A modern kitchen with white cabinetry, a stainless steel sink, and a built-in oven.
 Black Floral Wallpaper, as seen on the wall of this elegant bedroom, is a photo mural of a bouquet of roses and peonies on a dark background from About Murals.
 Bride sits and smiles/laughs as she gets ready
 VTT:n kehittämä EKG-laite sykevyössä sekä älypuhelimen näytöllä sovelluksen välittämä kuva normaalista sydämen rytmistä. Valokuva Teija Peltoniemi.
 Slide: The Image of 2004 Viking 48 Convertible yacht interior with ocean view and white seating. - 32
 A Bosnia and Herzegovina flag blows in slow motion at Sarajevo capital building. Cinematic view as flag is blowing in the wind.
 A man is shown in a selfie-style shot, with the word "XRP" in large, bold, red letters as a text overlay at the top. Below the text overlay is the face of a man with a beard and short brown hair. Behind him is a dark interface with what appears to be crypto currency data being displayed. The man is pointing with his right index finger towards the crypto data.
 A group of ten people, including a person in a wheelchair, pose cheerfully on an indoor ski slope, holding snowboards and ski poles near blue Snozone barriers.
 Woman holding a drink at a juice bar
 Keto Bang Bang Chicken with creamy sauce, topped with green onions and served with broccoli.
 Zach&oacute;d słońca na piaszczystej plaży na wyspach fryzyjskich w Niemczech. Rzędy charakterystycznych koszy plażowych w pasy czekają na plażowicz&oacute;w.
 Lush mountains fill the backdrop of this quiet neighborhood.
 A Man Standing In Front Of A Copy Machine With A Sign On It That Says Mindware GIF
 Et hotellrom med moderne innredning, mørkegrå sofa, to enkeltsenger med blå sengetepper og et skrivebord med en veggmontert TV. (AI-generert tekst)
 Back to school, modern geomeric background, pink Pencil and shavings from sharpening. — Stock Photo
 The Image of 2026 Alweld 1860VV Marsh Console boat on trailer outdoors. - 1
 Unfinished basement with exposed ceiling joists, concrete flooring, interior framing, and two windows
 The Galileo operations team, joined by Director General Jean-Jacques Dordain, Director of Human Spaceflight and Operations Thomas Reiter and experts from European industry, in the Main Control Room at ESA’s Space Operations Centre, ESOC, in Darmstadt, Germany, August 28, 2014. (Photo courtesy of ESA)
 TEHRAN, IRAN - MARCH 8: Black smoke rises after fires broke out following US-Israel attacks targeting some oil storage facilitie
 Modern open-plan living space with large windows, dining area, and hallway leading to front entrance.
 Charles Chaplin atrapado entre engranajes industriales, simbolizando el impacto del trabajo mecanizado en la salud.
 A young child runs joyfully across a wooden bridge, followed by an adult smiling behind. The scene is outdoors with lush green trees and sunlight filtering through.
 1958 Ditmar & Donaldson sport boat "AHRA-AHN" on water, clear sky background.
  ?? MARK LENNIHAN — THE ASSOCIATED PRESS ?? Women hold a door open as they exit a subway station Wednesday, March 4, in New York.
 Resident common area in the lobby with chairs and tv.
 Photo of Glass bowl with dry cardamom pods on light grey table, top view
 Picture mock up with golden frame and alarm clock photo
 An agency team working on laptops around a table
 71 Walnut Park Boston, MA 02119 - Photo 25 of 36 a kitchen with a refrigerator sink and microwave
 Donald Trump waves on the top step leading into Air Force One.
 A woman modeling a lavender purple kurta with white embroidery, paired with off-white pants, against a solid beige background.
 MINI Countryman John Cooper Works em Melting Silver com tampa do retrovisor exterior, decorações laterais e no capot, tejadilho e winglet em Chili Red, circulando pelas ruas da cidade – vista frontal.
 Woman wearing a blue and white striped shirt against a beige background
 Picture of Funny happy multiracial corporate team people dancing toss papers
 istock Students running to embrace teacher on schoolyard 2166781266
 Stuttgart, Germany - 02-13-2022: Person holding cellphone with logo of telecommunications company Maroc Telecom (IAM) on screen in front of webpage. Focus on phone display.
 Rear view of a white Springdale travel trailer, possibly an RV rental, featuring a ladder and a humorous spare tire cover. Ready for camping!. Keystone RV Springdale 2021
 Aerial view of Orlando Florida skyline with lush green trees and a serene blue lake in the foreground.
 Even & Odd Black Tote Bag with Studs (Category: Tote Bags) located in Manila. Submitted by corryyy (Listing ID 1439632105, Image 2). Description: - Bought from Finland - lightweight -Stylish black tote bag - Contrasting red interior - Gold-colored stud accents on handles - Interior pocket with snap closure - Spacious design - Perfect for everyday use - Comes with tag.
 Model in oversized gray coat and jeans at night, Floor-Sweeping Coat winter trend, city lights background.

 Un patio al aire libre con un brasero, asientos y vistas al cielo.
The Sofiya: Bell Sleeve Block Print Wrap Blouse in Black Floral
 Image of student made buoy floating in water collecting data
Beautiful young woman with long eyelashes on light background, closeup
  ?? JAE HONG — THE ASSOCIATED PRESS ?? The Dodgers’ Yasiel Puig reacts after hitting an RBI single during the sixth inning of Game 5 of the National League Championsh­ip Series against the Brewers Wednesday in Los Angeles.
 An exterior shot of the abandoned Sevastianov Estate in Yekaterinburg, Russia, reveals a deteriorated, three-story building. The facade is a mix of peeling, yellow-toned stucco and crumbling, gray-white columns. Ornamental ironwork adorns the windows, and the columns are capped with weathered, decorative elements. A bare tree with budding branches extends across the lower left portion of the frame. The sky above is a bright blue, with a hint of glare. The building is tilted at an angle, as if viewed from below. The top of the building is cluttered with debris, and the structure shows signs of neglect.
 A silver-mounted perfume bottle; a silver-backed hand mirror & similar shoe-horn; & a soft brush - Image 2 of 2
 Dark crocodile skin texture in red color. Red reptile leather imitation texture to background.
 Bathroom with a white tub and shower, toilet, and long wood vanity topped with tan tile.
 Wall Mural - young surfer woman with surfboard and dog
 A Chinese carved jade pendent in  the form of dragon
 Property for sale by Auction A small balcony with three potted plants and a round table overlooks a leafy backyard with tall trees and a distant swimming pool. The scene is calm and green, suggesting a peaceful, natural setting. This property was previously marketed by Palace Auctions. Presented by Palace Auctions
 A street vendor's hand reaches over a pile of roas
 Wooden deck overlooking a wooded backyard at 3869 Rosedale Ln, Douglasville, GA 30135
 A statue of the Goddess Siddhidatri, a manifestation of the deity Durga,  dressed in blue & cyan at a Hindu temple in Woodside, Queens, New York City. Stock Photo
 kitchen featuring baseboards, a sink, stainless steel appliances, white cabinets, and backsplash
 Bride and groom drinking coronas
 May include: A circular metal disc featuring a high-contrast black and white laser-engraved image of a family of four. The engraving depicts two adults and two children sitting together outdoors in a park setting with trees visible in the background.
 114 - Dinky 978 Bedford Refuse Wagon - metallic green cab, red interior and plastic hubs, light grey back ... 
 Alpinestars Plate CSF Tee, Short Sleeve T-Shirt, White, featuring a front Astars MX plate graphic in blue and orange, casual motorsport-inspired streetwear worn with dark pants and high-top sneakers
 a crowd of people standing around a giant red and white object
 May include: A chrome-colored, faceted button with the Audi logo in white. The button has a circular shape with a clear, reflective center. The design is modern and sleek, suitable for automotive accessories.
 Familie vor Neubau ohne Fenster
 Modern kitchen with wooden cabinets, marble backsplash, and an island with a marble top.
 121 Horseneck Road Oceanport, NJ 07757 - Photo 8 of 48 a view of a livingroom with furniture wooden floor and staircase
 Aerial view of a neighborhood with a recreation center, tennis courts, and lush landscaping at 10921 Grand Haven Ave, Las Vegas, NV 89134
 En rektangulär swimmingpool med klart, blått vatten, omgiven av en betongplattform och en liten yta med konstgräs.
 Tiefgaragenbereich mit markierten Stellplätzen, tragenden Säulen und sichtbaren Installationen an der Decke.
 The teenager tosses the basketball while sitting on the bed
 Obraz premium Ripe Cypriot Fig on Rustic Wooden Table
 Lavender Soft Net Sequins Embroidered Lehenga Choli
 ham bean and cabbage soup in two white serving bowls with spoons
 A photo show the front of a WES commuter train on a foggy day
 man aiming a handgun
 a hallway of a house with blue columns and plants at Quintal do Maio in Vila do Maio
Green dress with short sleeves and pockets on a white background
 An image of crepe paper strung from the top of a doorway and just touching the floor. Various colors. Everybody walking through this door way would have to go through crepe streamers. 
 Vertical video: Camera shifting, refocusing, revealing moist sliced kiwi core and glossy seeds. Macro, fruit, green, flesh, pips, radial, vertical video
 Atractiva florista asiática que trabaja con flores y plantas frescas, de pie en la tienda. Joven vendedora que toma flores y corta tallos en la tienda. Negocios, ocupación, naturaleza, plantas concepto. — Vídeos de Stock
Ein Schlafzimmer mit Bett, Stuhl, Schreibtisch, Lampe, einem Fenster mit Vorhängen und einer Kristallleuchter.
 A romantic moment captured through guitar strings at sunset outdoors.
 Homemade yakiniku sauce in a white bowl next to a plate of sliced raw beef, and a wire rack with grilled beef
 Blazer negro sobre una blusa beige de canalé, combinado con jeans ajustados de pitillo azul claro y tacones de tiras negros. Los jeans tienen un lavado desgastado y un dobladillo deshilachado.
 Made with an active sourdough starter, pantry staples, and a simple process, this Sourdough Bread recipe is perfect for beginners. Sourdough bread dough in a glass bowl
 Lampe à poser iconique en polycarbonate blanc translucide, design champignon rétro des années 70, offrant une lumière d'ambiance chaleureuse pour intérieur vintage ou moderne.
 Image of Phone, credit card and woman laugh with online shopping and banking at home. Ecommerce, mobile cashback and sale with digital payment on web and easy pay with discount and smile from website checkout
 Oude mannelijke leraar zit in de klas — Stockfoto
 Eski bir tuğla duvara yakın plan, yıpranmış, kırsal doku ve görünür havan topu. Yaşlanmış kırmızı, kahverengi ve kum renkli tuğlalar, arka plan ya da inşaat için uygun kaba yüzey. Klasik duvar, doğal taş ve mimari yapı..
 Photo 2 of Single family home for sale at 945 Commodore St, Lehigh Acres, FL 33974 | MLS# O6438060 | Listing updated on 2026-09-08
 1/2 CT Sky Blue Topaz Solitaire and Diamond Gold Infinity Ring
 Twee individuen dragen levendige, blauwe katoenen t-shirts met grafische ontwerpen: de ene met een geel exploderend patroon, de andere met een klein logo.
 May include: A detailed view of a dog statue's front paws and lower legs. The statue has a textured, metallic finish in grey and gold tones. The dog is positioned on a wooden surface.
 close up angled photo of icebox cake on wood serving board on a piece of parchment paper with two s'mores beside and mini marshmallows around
******************************
The answer must be one number: how many lines in the records above contain "scene".

**TASK OUTPUT**
2